§ Goal of the exercise:
From the records below, output exactly the lines running from the line containing "livebirdspoland_543d5bbdf70ddd1f10a368cb66d4551f.jpg" through the line containing "Eine Biene an lilafarben blühenden Blumen", and no others.

§ Dataset entries:
====

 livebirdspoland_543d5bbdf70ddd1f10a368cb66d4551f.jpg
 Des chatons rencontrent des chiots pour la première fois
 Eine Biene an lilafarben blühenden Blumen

====

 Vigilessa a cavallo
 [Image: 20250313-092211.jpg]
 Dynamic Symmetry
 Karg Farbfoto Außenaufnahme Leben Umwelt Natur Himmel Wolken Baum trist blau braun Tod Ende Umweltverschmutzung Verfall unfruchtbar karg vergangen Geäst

====

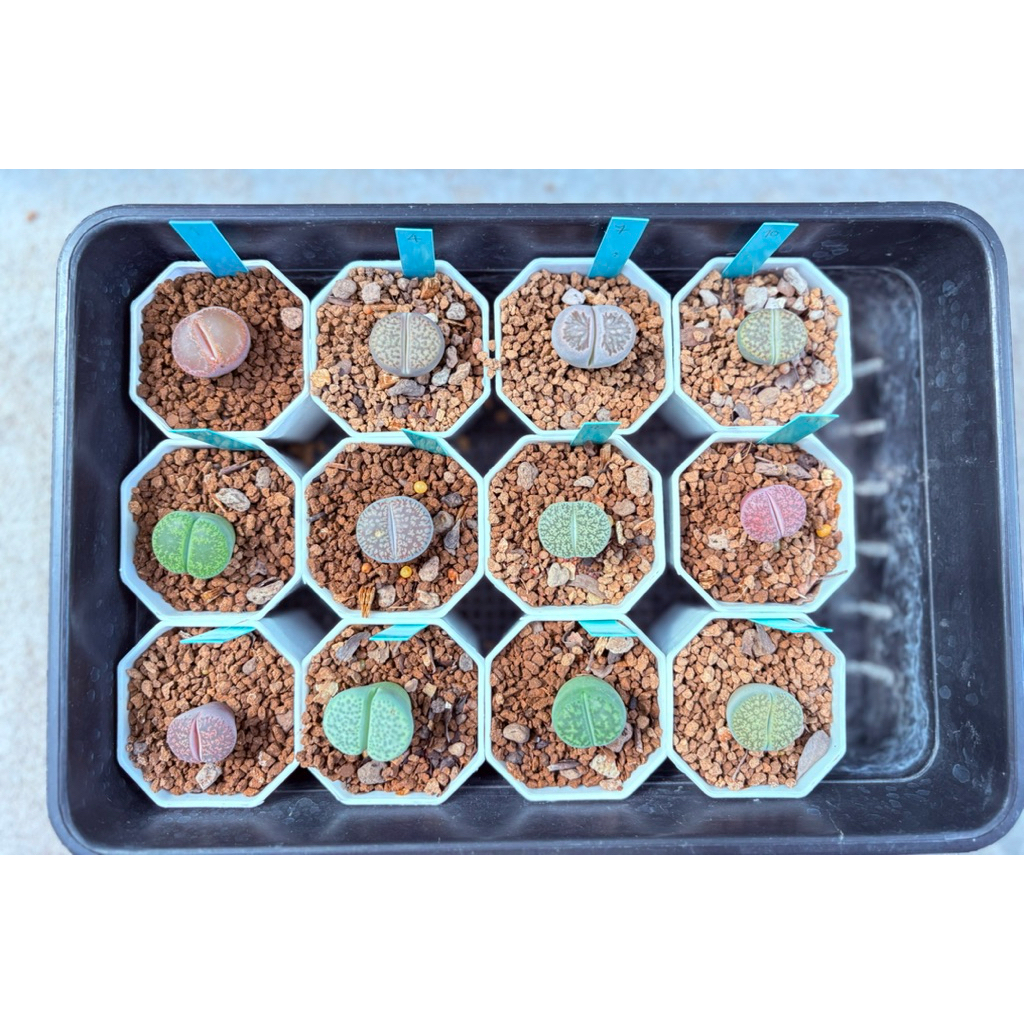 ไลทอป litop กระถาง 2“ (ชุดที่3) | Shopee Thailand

====

§ Reply to the exercise:
 livebirdspoland_543d5bbdf70ddd1f10a368cb66d4551f.jpg
 Des chatons rencontrent des chiots pour la première fois
 Eine Biene an lilafarben blühenden Blumen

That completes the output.